今年の東京都の人事委員会の勧告の概要をリンクしておきます。
こういう決め方は、一見、ふさわしいように見えますし、
私も、長い間、そう思ってきたのですが、
ある時、
官民の給与の引き下げ合戦になっていることに気づきました。
民間給与と公務員給与の引き下げ合戦
その年の民間給与水準と、公務員給与水準の推移をならべたら、下がり続けていたのです。
民間企業の賃金は、企業の経営者が、株主の意向を反映し企業の経営状況の下で決めますから、
・業績が好調で、ポンとバブルの時の様にボーナスを上げることもありますが、
・業績が厳しく、経営者の給与を削って給与を支払う企業もあります
しかも、株をやっていらっしゃる方なら、わかると思いますが、
今の企業の評価に、「配当」はとても大きな部分を占めますから、
・過去最高益を続けていても、給与をそれほど上げないこともありますし、多いと思います
こういう決め方の民間企業の給与水準に従い公務員給与が決まると、
公務員給与が下がってしまうのです。
公務員並みの能力の人を雇おうと思ったら、この程度の賃金水準、というのを決めないと
民間も公務員も給与水準が下がり続けるのです。
本来、公務員は、
・仕事に見合った給与
・物価と生活水準に見合った給与、
・国家公務員と地方公務員の関係
・民間で働く方たちとの関係
を総合的に判断して決めると法で定められています。
公務員給与は、
・一定の職務を遂行するに足る能力がある人を
・公務員の中でも国と地方間での、必要以上の差が生じないよう
・民間給与との間で、国民に理解を得ていただけるよう、
・物価と生活水準に見合った額で
総合的な判断のもとで決めなければならないのです。
ところが、
今年の特別区の人事委員会の勧告の資料から、去年まで掲載されていた、
企業物価指数などが、無くなっていました。
令和6年の人事委員会勧告93ページ 労働経済関係資料にある企業物価指数
無くなってしまった令和7年の人事委員会勧告
そこで、国=人事院勧告を調べたところ、国では、既に、令和5年までで
労働関係資料を添付しなくなっていました。
企業物価の上下は、一足遅れて、その川下の消費者の購入する物品やサービス価格に影響します。
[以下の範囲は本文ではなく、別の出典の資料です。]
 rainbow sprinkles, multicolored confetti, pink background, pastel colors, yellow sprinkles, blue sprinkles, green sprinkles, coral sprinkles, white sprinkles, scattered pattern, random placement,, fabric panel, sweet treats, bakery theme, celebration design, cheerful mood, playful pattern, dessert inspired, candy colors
企業物価指数は、その後の消費者物価指数を占う、重要な指標なのに、
その重要な資料をなくしてしまったのです。
私には、今後も物価が上がる傾向が企業物価指数から明らかなところ
そこに、給与引き上げが十分でないことを、見えないよう、見せないよう、にしているように思えるのですが、みなさん、どうお考えになりますか?